About this task | Keep to one stretch of the data below, the lines from the one with "Roco 47026 Open goederenwagen DB in ovp" up to and including the one with "Jaqueta-Fatal-Jeans-Azul", and return that stretch exactly.

(Excerpts from a dataset)
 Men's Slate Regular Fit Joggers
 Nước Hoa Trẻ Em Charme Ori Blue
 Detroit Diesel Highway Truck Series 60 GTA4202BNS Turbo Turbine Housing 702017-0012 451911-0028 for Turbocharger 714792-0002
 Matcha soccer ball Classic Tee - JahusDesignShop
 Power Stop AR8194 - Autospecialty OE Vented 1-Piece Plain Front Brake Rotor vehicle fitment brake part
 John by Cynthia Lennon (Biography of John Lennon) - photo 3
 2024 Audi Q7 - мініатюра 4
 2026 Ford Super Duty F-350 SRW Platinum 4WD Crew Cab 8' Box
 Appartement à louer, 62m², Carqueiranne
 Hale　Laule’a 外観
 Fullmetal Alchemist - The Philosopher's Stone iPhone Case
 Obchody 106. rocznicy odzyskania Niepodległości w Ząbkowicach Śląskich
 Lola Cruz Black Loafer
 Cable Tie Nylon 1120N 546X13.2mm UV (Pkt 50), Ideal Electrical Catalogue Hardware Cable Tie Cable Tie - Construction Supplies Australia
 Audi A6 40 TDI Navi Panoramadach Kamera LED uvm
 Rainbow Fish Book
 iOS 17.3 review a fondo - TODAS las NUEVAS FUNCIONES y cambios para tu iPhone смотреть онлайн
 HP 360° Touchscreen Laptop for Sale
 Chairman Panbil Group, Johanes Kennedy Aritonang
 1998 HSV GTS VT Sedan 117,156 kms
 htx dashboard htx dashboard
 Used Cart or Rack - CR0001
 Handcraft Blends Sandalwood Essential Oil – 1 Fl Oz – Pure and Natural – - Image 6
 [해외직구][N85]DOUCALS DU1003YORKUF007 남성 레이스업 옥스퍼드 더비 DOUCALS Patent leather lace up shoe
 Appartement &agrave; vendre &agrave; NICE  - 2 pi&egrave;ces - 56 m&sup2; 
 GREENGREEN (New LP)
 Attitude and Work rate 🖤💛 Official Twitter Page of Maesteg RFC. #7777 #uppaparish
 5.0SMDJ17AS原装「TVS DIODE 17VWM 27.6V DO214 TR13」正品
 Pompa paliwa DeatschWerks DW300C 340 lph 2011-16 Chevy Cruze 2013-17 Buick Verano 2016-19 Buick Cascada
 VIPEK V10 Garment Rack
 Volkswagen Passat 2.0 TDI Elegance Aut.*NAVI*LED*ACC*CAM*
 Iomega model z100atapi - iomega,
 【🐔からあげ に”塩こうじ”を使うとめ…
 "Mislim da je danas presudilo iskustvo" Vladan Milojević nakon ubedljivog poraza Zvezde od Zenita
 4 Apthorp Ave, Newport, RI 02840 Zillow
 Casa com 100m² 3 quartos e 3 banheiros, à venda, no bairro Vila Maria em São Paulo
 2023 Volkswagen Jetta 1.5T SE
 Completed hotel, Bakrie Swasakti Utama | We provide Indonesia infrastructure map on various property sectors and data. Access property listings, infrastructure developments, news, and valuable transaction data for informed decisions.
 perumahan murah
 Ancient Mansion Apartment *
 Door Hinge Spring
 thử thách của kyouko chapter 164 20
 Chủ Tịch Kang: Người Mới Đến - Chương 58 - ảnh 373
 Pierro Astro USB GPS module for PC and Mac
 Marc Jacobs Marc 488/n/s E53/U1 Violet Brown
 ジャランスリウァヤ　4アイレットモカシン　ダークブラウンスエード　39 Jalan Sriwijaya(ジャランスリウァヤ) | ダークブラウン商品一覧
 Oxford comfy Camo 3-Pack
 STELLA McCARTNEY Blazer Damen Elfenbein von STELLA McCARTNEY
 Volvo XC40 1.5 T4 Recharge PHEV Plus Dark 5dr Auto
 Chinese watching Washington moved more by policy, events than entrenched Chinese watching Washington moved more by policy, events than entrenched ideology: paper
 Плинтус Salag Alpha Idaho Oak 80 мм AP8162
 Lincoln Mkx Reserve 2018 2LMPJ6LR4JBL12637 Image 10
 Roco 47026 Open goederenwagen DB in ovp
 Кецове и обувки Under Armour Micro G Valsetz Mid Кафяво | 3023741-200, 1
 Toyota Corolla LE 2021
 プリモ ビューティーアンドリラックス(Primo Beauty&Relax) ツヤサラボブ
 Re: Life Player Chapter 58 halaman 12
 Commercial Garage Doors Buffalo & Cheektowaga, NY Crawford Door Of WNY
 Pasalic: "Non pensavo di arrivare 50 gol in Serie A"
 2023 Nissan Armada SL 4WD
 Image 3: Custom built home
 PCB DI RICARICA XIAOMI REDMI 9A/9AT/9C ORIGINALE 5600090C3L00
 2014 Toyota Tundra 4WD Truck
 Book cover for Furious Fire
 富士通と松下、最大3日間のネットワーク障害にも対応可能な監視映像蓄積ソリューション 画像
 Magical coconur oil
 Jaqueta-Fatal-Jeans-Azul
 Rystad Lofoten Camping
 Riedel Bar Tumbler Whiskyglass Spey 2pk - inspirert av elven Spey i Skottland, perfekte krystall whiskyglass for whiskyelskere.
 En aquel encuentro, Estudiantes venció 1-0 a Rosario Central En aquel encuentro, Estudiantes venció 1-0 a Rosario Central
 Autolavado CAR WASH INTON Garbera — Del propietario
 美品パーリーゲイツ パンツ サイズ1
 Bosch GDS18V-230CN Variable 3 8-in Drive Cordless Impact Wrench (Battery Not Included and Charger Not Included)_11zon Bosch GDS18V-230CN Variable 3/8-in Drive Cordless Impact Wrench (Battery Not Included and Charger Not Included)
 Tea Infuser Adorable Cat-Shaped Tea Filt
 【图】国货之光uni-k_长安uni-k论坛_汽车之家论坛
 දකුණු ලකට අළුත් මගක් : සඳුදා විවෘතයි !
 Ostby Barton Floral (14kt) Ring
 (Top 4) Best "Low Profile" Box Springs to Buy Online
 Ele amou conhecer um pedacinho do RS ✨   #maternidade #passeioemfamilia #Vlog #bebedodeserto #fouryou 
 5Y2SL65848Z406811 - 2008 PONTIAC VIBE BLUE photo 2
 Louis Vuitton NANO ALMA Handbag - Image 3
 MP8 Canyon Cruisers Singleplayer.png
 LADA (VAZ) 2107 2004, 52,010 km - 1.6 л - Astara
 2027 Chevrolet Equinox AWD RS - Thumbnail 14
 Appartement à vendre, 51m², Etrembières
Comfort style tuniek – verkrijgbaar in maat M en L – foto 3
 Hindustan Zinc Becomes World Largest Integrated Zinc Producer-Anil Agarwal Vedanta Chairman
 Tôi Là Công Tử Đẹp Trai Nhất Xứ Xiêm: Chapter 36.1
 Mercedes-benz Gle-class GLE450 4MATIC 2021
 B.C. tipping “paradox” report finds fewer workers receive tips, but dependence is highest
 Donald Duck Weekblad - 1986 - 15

Answer to the exercise |
 Roco 47026 Open goederenwagen DB in ovp
 Кецове и обувки Under Armour Micro G Valsetz Mid Кафяво | 3023741-200, 1
 Toyota Corolla LE 2021
 プリモ ビューティーアンドリラックス(Primo Beauty&Relax) ツヤサラボブ
 Re: Life Player Chapter 58 halaman 12
 Commercial Garage Doors Buffalo & Cheektowaga, NY Crawford Door Of WNY
 Pasalic: "Non pensavo di arrivare 50 gol in Serie A"
 2023 Nissan Armada SL 4WD
 Image 3: Custom built home
 PCB DI RICARICA XIAOMI REDMI 9A/9AT/9C ORIGINALE 5600090C3L00
 2014 Toyota Tundra 4WD Truck
 Book cover for Furious Fire
 富士通と松下、最大3日間のネットワーク障害にも対応可能な監視映像蓄積ソリューション 画像
 Magical coconur oil
 Jaqueta-Fatal-Jeans-Azul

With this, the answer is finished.